What is required →
Please, without any pictures, transcribe the lines from the one holding "اسپری بدن زنانه" to the end of the listing, both ends included.

[Opening Data shown section]

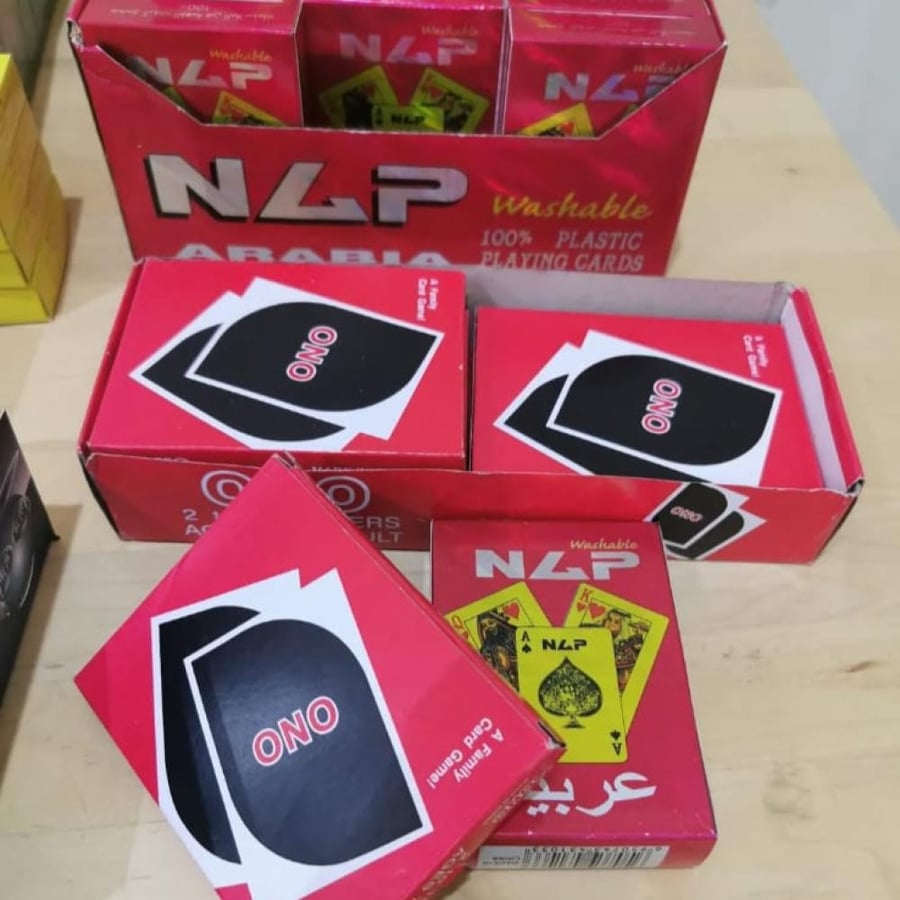 لعبة أونو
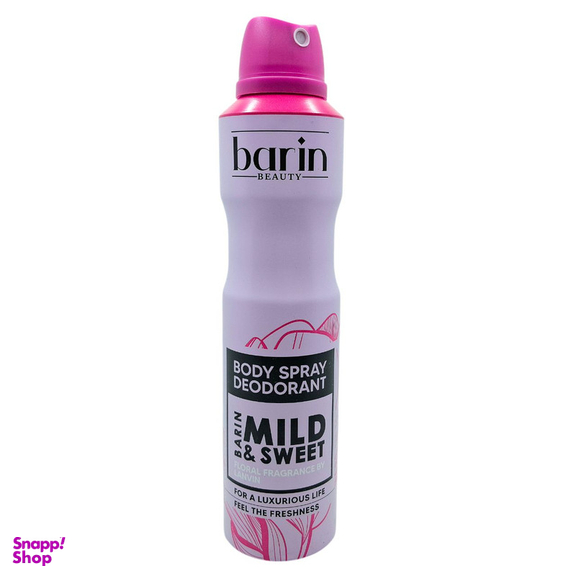 اسپری بدن زنانه بارین بیوتی مدل MILD SWEET حجم 250 میلی لیتر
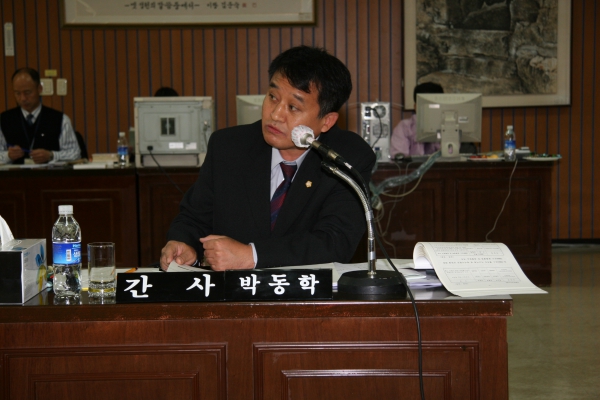 부천시의회 제132회 정례회 - 55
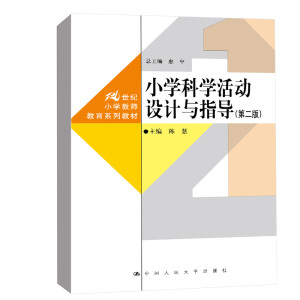 С�W(xu��)�ƌW(xu��)����O(sh��)Ӌ�cָ��(d��o)���ڶ��棩��21���o(j��)С�W(xu��)�̎�����ϵ�н̲ģ�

[Closing Data shown section]

Exercise result →
 اسپری بدن زنانه بارین بیوتی مدل MILD SWEET حجم 250 میلی لیتر
 부천시의회 제132회 정례회 - 55
 С�W(xu��)�ƌW(xu��)����O(sh��)Ӌ�cָ��(d��o)���ڶ��棩��21���o(j��)С�W(xu��)�̎�����ϵ�н̲ģ�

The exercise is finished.